I went to most of the PR-related sessions, most of which were exceptional from both a PR and an SEO/social perspective. Here are my best tips from the top sessions for PR pros.

1. Easily buy SEO and do PR without Breaking the Rules.

PR is content: links, likes, pluses, traffic, media, and blogger mentions. Marty Weintraub showed us how he copies the direct link to a Google+ post.  It’s in a dropdown menu:

Google Plus direct link
How to find the direct link to a Google+ post.

Here’s a direct link for a report from our yeti on how to do social media right: https://plus.google.com/115671137696411026556/posts/JrGQt9vc6gw

After you have the direct link, tweet about it using the Google+ link. Next promote the tweet for the hashtag #pubcon (Marty notes on this one he links directly to a blog post). He also posts on his personal Facebook page where he has many friends/followers and pays to boost the post so more of them see it. On his brand page he uses the power editor and creates many versions of the ad to show in the newsfeed. He targets his trade/industry people, in this case to places like Search Engine Journal, Pubcon and SMX. He creates another version of his ad for PR – places like Mashable, producers, show hosts, and local ad agencies. In addition, you can buy LinkedIn ads, Bing ads, and even run Google AdWords to the post.
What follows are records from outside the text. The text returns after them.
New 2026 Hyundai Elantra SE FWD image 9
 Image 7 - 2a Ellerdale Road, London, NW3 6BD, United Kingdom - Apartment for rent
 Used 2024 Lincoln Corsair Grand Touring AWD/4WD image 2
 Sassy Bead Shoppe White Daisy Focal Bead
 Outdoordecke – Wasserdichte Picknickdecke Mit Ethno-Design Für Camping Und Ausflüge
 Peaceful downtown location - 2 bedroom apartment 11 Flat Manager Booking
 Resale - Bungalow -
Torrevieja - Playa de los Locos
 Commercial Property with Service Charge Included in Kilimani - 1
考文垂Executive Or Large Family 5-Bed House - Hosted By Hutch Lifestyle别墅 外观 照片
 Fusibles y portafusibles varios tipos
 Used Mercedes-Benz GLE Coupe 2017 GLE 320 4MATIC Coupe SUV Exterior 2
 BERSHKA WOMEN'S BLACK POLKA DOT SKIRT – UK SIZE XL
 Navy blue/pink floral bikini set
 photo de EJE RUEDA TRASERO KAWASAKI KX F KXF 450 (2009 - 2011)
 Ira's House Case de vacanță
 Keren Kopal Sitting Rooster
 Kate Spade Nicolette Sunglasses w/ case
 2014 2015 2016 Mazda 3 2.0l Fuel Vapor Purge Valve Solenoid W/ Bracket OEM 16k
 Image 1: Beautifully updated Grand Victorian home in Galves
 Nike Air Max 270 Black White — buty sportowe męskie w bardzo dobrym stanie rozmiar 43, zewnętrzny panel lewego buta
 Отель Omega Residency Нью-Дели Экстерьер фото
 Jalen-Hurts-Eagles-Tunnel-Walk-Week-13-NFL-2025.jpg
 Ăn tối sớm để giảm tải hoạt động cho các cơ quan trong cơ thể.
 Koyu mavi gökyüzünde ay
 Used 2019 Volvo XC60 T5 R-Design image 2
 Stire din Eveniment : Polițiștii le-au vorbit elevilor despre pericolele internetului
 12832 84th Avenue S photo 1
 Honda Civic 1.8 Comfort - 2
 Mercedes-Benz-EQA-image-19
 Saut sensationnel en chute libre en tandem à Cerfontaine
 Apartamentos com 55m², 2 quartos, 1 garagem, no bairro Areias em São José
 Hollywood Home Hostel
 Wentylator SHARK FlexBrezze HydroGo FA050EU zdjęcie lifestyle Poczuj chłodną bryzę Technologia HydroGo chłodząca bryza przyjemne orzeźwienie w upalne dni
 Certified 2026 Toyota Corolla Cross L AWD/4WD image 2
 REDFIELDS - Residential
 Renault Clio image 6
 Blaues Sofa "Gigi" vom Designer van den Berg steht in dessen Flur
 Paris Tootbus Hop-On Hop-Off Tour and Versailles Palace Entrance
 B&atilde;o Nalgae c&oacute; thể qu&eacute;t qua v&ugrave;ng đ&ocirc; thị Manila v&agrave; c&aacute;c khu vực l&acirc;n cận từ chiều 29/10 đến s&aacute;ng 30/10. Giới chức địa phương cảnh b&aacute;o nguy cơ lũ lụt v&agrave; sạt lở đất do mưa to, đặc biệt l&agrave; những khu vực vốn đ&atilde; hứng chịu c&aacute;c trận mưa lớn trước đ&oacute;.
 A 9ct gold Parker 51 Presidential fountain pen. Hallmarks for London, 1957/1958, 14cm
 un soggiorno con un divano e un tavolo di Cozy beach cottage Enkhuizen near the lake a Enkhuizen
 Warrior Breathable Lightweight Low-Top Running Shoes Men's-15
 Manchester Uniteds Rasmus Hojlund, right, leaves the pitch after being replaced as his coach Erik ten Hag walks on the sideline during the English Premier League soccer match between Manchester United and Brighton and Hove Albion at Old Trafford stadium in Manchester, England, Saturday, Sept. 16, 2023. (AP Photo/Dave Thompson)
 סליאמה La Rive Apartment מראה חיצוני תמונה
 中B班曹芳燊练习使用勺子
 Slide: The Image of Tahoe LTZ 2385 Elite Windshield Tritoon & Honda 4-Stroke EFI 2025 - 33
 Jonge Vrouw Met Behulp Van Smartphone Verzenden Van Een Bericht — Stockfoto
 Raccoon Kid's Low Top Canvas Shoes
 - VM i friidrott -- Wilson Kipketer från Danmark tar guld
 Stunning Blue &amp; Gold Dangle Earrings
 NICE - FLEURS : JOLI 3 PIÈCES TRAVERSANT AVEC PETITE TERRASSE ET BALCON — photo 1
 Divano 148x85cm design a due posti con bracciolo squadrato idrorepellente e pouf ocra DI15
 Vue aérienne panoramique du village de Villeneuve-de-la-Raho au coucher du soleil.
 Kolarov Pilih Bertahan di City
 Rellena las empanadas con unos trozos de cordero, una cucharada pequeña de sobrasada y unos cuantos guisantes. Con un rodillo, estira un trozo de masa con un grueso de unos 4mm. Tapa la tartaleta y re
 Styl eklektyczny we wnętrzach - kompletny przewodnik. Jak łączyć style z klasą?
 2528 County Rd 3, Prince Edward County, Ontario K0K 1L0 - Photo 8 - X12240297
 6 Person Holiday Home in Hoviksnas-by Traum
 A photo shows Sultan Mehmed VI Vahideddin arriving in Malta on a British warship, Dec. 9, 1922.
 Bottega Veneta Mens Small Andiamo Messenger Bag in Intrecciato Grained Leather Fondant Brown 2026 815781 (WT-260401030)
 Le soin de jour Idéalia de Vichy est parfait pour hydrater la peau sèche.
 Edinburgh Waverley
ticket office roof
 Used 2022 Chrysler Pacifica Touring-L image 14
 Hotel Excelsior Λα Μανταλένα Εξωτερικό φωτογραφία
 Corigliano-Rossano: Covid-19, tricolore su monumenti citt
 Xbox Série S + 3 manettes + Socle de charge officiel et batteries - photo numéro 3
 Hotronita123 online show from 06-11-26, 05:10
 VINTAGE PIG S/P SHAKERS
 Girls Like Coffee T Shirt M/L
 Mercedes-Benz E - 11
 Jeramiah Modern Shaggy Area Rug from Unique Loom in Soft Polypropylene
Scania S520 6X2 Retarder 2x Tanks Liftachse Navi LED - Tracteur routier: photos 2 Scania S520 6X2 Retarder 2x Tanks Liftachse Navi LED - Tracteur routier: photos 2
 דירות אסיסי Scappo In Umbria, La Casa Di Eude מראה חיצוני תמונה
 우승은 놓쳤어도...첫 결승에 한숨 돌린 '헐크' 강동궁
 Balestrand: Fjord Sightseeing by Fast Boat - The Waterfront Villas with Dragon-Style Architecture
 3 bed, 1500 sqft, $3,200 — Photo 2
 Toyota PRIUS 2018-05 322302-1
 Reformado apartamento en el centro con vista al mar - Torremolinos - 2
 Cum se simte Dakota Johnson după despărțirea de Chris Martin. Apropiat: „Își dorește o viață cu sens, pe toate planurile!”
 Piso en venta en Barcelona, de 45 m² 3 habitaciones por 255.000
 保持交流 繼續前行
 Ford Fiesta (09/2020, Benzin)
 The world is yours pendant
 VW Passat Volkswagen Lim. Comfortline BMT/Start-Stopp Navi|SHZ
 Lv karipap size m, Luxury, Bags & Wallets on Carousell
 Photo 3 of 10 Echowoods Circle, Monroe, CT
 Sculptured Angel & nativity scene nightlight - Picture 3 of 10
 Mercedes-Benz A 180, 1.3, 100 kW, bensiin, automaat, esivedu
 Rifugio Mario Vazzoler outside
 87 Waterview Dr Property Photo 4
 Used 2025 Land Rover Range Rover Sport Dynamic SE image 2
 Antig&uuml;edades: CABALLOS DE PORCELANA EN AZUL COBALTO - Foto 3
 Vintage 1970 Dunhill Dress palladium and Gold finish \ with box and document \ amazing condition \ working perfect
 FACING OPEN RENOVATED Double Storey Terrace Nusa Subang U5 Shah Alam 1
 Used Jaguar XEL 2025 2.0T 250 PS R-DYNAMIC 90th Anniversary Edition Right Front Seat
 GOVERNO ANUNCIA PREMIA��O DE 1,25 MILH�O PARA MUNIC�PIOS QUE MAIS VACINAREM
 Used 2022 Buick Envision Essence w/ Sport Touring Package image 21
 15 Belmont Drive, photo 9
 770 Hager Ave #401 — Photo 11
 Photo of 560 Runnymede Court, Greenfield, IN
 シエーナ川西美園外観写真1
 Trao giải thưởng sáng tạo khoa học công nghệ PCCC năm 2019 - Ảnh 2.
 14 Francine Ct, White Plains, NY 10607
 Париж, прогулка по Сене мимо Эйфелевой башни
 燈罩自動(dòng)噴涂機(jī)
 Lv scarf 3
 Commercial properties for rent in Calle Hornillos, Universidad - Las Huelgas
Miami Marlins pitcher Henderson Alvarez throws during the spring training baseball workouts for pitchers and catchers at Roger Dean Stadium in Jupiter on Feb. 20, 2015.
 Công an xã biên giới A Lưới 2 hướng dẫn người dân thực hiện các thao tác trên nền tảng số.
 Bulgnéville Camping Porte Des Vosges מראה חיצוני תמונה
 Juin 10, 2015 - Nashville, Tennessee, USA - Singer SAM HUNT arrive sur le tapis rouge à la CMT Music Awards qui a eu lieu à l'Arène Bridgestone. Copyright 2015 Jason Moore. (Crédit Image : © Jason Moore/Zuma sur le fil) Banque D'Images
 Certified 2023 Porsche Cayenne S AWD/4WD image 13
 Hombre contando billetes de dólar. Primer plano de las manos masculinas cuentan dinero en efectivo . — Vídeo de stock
While there may not be a direct correlation between Google+ interactions, there is a correlation. If you share and someone engages, then their connections see your content. Then your content rises when that person and their friends do related Google searches.

2. Press Outreach Secrets

Rob Woods along with moderator Warren Whitlock talked about creating press and Rob introduced me to a few new PR tools that I can’t wait to try.

  • Do a keyword search in Google News to find who is writing on the topic you want to cover. In Google News there is a link next to the author’s name and that takes you to their Google+ page. Some people put their email address on their “About” page or there is an icon to email them directly without knowing their email address (some have this disabled). If that fails you can tag them. Scraperr will scrape the top 500 results from any search term. From there you can pay someone on oDesk or Mechanical Turk to find contact info for the articles written that fit what you’re trying to pitch. Or you can do research to find contact information yourself.

Google-plus-profile-link

  • Subscribe to Muckrack to build a list of journalists on Twitter related to your topic.
  • Search Followerwonk profiles for journalists from publications or blogs you want to do outreach to. For example you could search “tech reporter” or “sports reporter” or even search the URL field for the publication itself, such as “mashable.com, techcrunch.com, etc. You can export the results to a csv file. You can even download a file of only your followers and see if there are people from blogs or news organizations who follow you that you could reach out to.
  • Search abyznewslinks.com to find the newspapers and TV stations for every city, state and many countries in the world. Or find the 15 most popular news websites here.
  • Check out Pitchbox to do research and keep track of your outreach efforts and results.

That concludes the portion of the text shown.